In trattativa la “fase due”

Intanto, si delinea già la “fase due” del piano: gestione della Gaza postbellica, ruolo (o esclusione) di Hamas, disarmo e smilitarizzazione. Da fonti statunitensi filtra che Hamas sarebbe pronta a cedere le armi pesanti – razzi e missili – a un’entità palestinese o araba, mantenendo però le armi leggere per “autodifesa”. La linea israeliana è opposta. In un’intervista alla CBS, Benjamin Netanyahu ha avvertito: “Hamas si disarmi o esploderà tutto”. Sulla stessa scia Donald Trump: “Se non consegnano le armi, lo faremo noi, rapidamente e con la forza”.

Tajani: “Il filo di speranza si rafforza”

Da parte sua, il ministro degli Esteri Antonio Tajani parla di “successo ancora legato a un filo, ma solido” e sostiene che il riconoscimento dello Stato di Palestina “è ora più vicino”, a condizione di una Gaza provvisoriamente affidata a un controllo internazionale con partecipazione dei Paesi islamici e di una Anp “profondamente rinnovata”. Tajani annuncia inoltre che Abu Mazen sarà a Roma venerdì 7 novembre, anche in vista dei Dialoghi Mediterranei.
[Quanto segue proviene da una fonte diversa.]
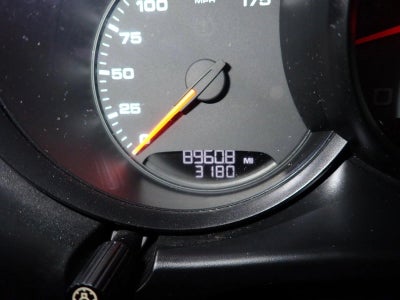 2018 Porsche Macan S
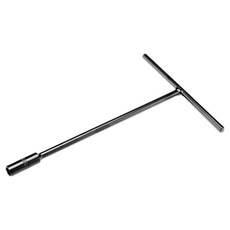 SATA T型六角套筒扳手 10mm 47703, 1個, 單品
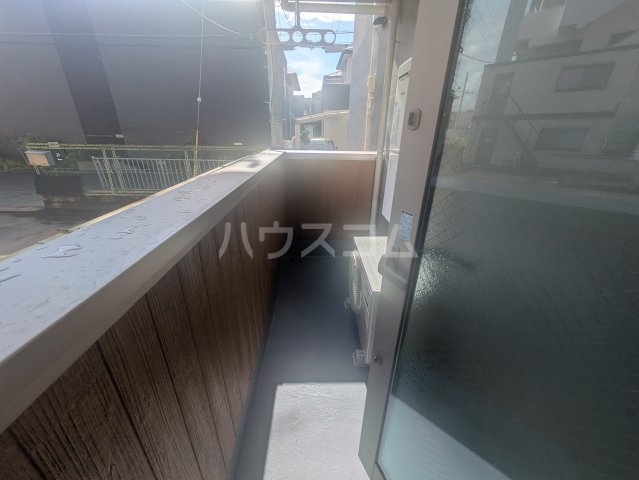 13/28 バルコニー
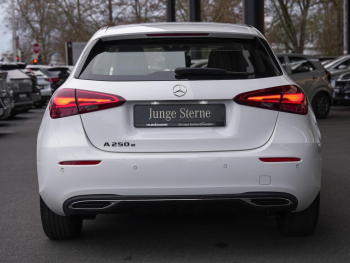 Mercedes-Benz A 250 e MBUX Navi Premium Kamera WinterP Leder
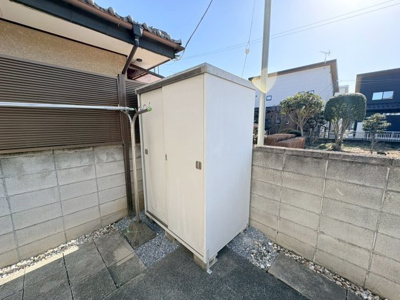 【設備】 | 今宮２丁目戸建て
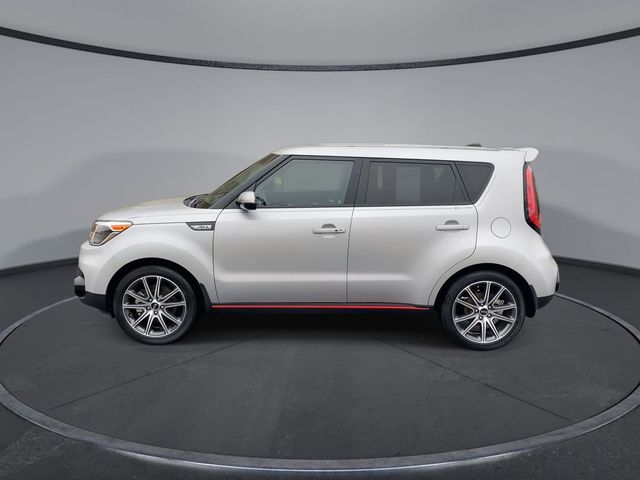 2018 Kia Soul !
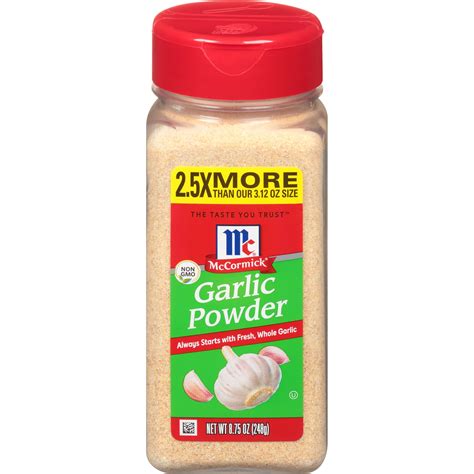 Buy McCormick Garlic Powder, 8.75 oz Online at Lowest Price in India ...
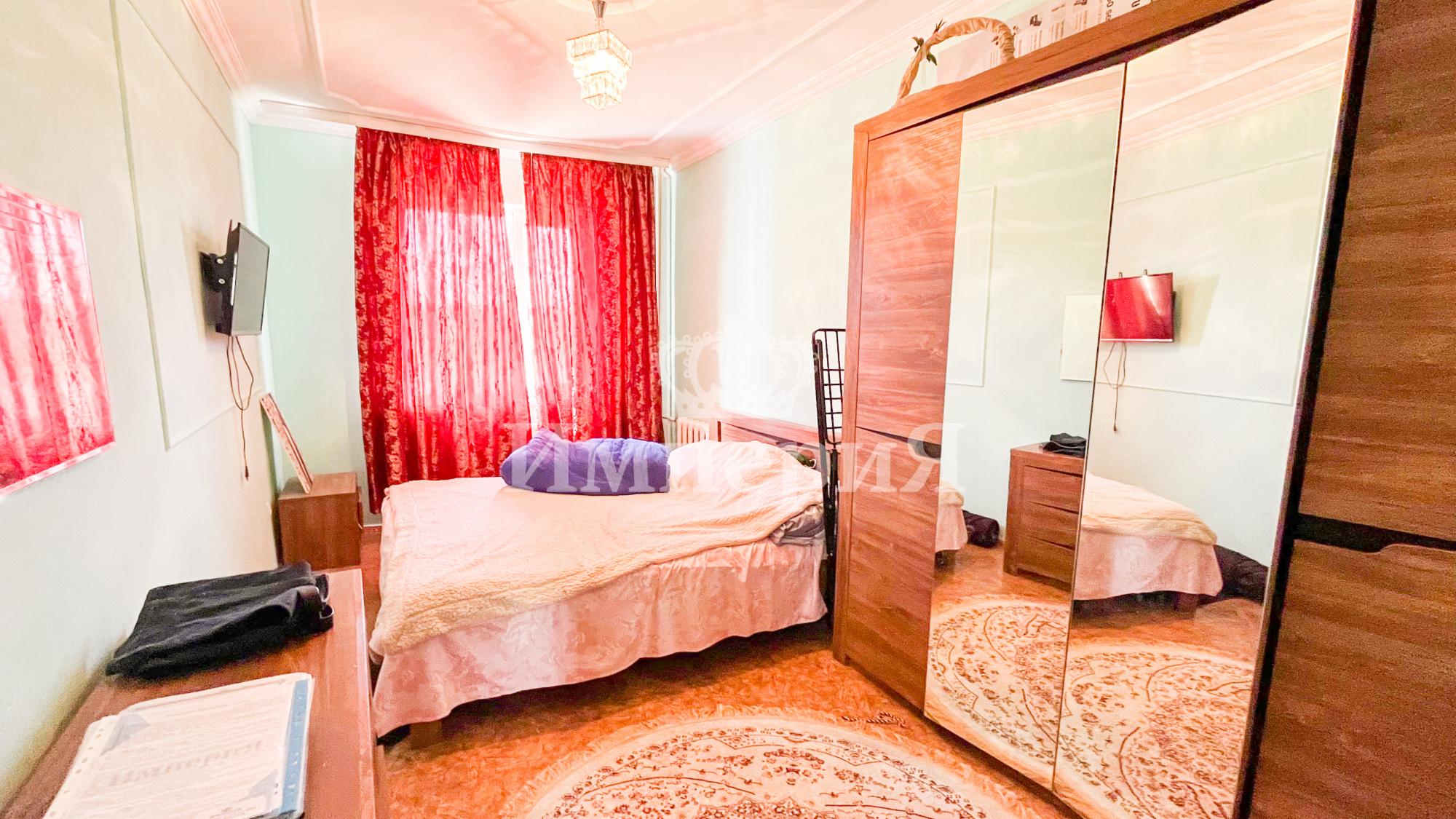 2-комнантная квартира, 52.0 м²,Болашак за 20 500 000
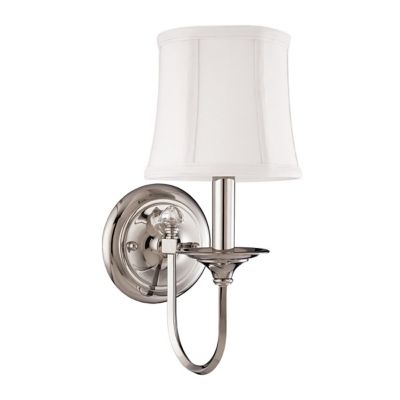 Rockville Single Wall Sconce by Hudson Valley Lighting - Starlight Lighting USA and Canada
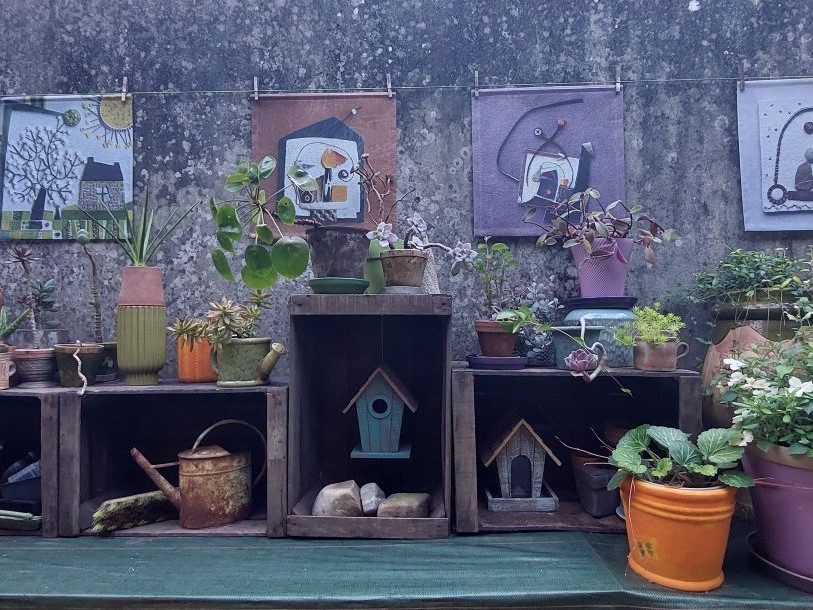 Galerie > Cécile BOUVAREL - Atelier des Petits Pavés, Saint-Sauveur-le-Vicomte - photo 16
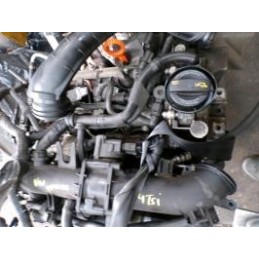 Moteur de VOLKSWAGEN PASSAT...
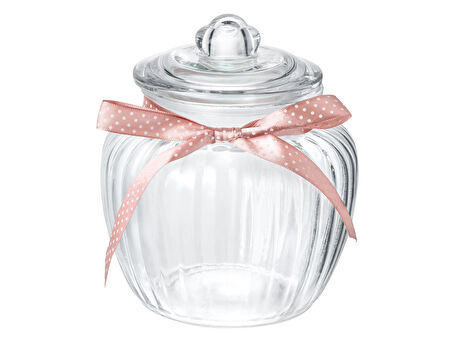 Madame Coco Odetta Kavanoz Yuvarlak 1000ML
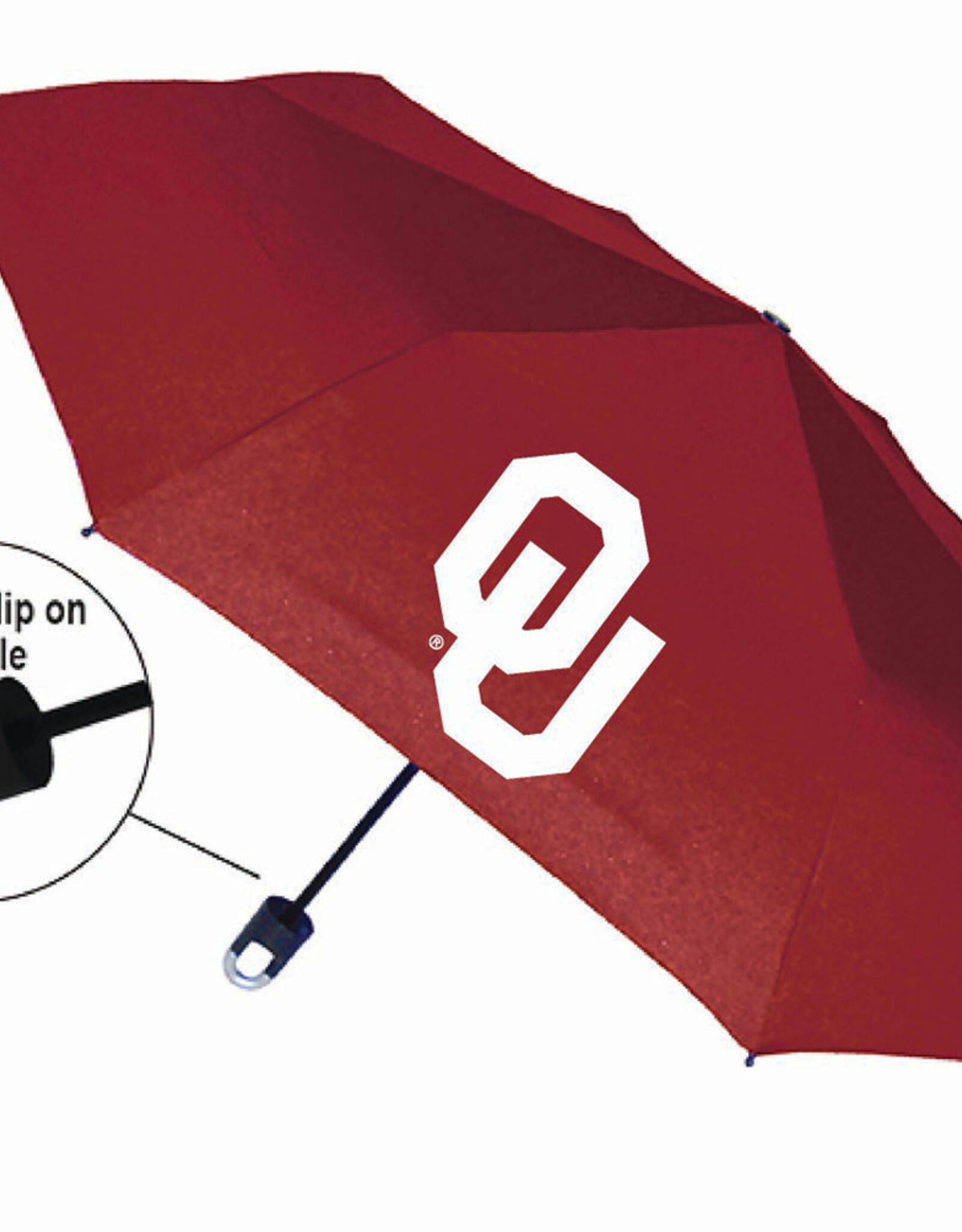 Storm Duds OU 42" Umbrella with Storm Clip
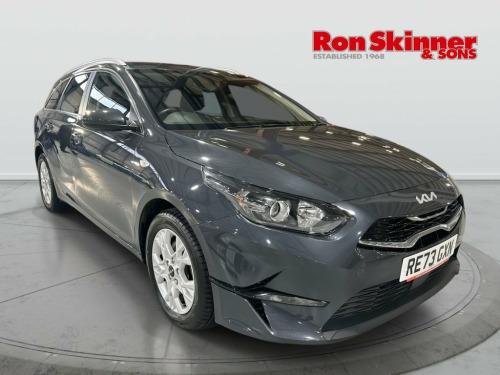 Kia ceed  1.5 T-GDi 2 Sportswagon 5dr Petrol Manual Euro 6 (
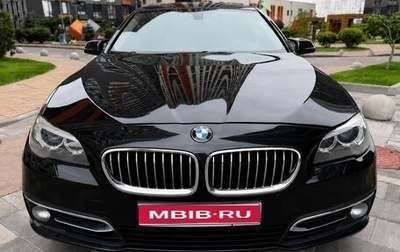 BMW 5 серия, 2015 год, 1 600 000 рублей, 1 фотография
Smotrich e Ben Gvir riaprono il fronte interno

Dalla destra del governo arrivano messaggi che complicano il quadro. Il ministro delle Finanze Bezalel Smotrich ha promesso “insediamenti ebraici a Gaza”, rievocando lo slogan “Gush Katif”, nonostante l’intesa non contempli alcuna colonizzazione. E il titolare della Sicurezza nazionale Itamar Ben Gvir invoca la “cancellazione” di Hamas, definendo “vergognoso” ogni cedimento. A terra, la violenza non si ferma. L’agenzia Wafa denuncia il sequestro di quattro palestinesi da parte di un colono vicino a Ramallah, con l’intervento dei militari a protezione del colono e l’arresto di due dei giovani rapiti. Hamas, dal canto suo, accusa Israele di aver violato l’accordo uccidendo civili a Shejaiya e Rafah e chiede ai mediatori di “imporre il rispetto degli impegni”.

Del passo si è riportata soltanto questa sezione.